Uma coligação de gente perigosa
A crise é uma oportunidade. Esta coluna
poderia começar assim todas as semanas, para depois prosseguir com mais um
exemplo. Mas, na verdade, nunca em nenhuma outra altura ficou tão claro que a
crise é, de facto, uma oportunidade. Uma oportunidade para impor uma agenda
política que de outro modo não seria possível de implementar. Esta crise,
sabemos hoje, tem sido a oportunidade há muito esperada para pôr em marcha a
maior experiência de engenharia social que o país conheceu.
Na última semana, em dose dupla,
primeiro por Passos Coelho e depois por Vítor Gaspar, assistimos ao anúncio do
que, a ser aprovado, será a maior redistribuição de riqueza alguma vez ocorrida
no Portugal democrático. As alterações na taxa social única, combinadas com
cortes nas pensões, no salário mínimo e aumentos nos impostos, não só provam
que o Governo está empenhado em ir bem para além da troika, como demonstram que
o que está em causa já não é a consolidação das contas públicas, mas, sim, um
processo de alteração das relações de poder económico em Portugal, que encontra
na devastação social e no empobrecimento instrumentos privilegiados.
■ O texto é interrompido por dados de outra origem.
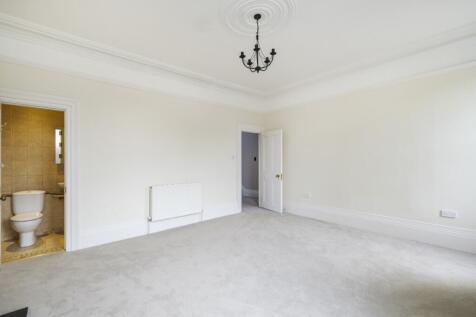 Westcombe-Park-Ro...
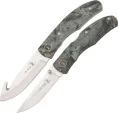 Elk Ridge Two Piece Hunting Set - ER045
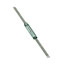 KSK-1A35/1-2530 - Standex-Meder Electronics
Nenhum país foi tão longe na
experiência que agora se anuncia em Portugal. Uma experiência onde cegueira
ideológica se articula com governação através dos modelos econométricos que
tanto fascínio exercem sobre o ministro Vítor Gaspar. Ora, como é sabido, a
realidade e o bom senso são duas variáveis que tendem a não estar presentes
nestes modelos. Aliás, esta semana, em entrevista à TSF, o ex-presidente
brasileiro, Fernando Henrique Cardoso, sublinhava que “a economia é uma
navegação; não é uma ciência”. Em Portugal, o triunvirato que nos governa, liderado
por um primeiro-ministro impreparado, coadjuvado por uma dupla de fanáticos,
Gaspar e Borges, acredita piamente no contrário e está a entregar-nos como
cobaias para uma experiência académica.
Desde Vasco Gonçalves que Portugal não era
governado por gente tão perigosa. O trio Passos/Gaspar/Borges vê-se a si próprio
como uma nova vanguarda, a quem a verdade foi revelada e que julga representar os
interesses objectivos do país. Acontece que se continuarmos a insistir no ir
para além da troika, se não combatermos politicamente as exigências que nos são
feitas, se “não berrarmos” nas instâncias internacionais (para usar a feliz
expressão de Ferreira Leite), daqui a um ano teremos, de novo, metas do défice
revistas e mais anúncios de cortes e aumento dos impostos. Não é preciso nenhum
modelo para prever que a receita que falhou no último ano falhará num patamar
ainda mais elevado no próximo ano.
Neste momento só podemos esperar uma
coisa. Que em nome da sensatez e dos equilíbrios institucionais, este processo
seja parado já. Se não o for agora, será tarde de mais: os estragos estarão feitos
e a revolta e a mudança terão lugar na rua.
publicado no Expresso de 15 de Setembro.